Hal ini mengganggu pikiran saya, karena setelah melihat 5 angkatan lulus dan meninggalkan sekolah, ada rasa tidak ikhlas yang tertinggal. Mereka akan pergi padahal tugas saya sebagai guru belum selesai. Menyelesaikan kurikulum adalah perkara mudah, tapi menyiapkan karakter dan melatih soft skills agar mereka bisa menjalani hidup dengan baik di dunia nyata, itu sulit sekali. Saya selalu merasa, mereka belum siap.

Saya teringat kembali peristiwa beberapa hari yang lalu. Saat itu saya bersama si Tengah baru selesai membayar belanjaan di sebuah minimarket besar. Sebelum keluar, tepat di balik pintu kaca, saya terhenyak dan berhenti melangkah. Di halaman mini market itu seorang tukang parkir sedang memandu kendaraan yang akan keluar. Tukang parkir itu pernah saya ajar, dan saya saksikan kelulusannya dari SMA.

Kenapa jadi tukang parkir? Saya tahu sekali dia bukan anak bodoh. Kenapa ijasah SMA tidak memberi nilai tambah apapun padanya? Bagaimana bisa lulusan SMA tak memiliki kehidupan yang lebih baik dibanding lulusan SD?

Please, jangan bilang, "Itu kan tergantung orangnya."

Saya gurunya. Adalah kewajiban saya mendidiknya untuk memiliki sikap yang baik terhadap ilmu yang sudah diajarkan. Anehnya, kata-kata 'tergantung orangnya' ini banyak keluar dari mulut guru, seperti orang yang melempar batu sembunyi tangan.

Ketika bertemu dengan kelas XI di kelas pengembangan diri yang lalu, saya mengingatkan mereka, "Kamu hanya tinggal 1 bulan lagi di kelas XI. Setelah itu kamu akan ada di tahun terakhir. Apa kamu sudah tau bakal ngapain pas lulus, jalan mana yang mau dipilih? Pergunakan satu tahun ini, untuk mengerti apa yang kamu suka dan apa yang kamu butuhkan. SUKA dan PERLU, dua itu saja. Dengan dua hal itu, kamu akan bisa memutuskan."
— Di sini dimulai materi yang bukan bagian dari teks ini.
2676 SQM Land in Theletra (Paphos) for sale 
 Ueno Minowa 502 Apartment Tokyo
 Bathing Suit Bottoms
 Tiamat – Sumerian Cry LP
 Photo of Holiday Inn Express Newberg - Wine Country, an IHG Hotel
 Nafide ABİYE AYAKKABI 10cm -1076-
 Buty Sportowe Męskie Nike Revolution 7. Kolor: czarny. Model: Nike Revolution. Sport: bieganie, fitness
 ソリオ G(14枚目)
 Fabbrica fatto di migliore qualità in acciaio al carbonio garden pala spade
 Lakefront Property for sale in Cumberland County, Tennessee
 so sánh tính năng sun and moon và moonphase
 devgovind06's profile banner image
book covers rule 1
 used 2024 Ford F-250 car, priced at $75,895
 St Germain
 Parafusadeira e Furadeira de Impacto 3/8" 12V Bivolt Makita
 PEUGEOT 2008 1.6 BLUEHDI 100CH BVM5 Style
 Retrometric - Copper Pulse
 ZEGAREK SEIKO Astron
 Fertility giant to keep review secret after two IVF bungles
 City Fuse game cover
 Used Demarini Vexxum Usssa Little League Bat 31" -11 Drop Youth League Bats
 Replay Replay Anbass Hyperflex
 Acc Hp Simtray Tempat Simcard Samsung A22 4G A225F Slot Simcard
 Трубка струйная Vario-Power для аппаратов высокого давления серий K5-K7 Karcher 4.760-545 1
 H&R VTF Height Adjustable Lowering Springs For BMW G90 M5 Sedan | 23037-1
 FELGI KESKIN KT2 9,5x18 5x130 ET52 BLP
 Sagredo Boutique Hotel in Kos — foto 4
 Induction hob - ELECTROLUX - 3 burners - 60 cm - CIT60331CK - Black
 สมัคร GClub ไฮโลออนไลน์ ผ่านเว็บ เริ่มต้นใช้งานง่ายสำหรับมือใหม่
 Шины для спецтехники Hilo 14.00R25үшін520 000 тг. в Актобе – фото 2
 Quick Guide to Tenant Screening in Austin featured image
Kebetulan, mata pelajaran yang saya ampu tidak diUNkan. Saya berencana menggunakan waktu-waktu di kelas untuk mengeksplorasi anak-anak ini dengan berbagai macam kemungkinan profesi di masa depan. Di antara segala kebingungan mencari jalan yang baik dan benar untuk berbuat ihsan dalam pekerjaan, mudah-mudahan ini bisa jadi ikhtiar saya.